Randy Vulakovich is an American politician who served as a member of the Pennsylvania State Senate for the 38th district from January 6, 2015 to January 1, 2019. He previously served in the 40th legislative district. He was elected in a special election on August 7, 2012. Vulakovich was reelected to a full term in 2014 in the newly-established 38th district. In May 2018, he lost re-nomination to that seat in the Republican primary to Ross commissioner Jeremy Shaffer.

Education 
Prior to holding elected office, Vulakovich attended the Allegheny County Police Academy and Duquesne University.

Career
He served as a police sergeant with the Shaler Township Police Department, where he was known as "Officer V."

On April 11, 2006, Democrat Shawn Flaherty defeated Republican Mike Dolan in a special election to fill the remainder of Jeff Habay's term as state representative.
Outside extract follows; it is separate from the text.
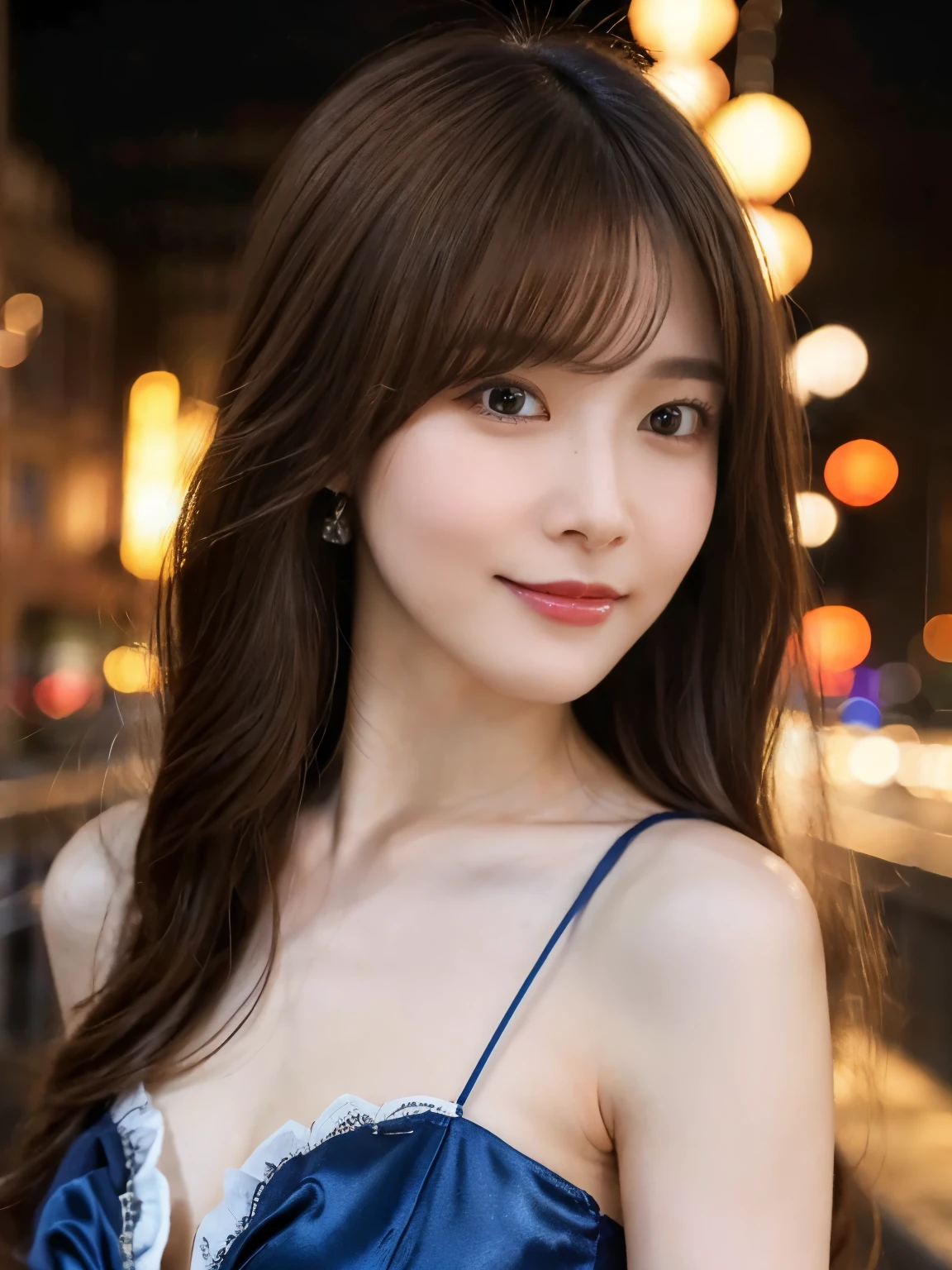 (detailed skin:1.2),(shiny skin:1.1),8k,best quality, masterpiece, ultra high res,(fair skin:1.2), Long sleeve blouse、Light brown hair、髪の長さ肩まで、Ear piercing、Necklace around the neck、smile、Beautiful teeth alignment、Pier at night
On May 16, 2006, Vulakovich defeated two other Republicans (including Mike Dolan) for the right to challenge Flaherty in that November's election. Vulakovich defeated Flaherty that November by a 53-47 margin. Vulakovich resigned from the State House on August 29, 2012, just prior to taking the oath of office to begin his Senate service.

In 2012 he defeated former Congresswoman Melissa Hart in the primary, leading to Vulakovich being nominated by the Republican party to face Sharon Brown to fill the vacancy in Pennsylvania's 40th State Senate district created by the resignation of Jane Orie. He was elected to the seat in the August 7, 2012, special election with over 73% of the vote to Brown's 27%. In the wake of his election, Vulakovich announced he would resign his State House seat to assume his seat in the State Senate. Vulakovich was sworn in as a state senator on August 29, 2012.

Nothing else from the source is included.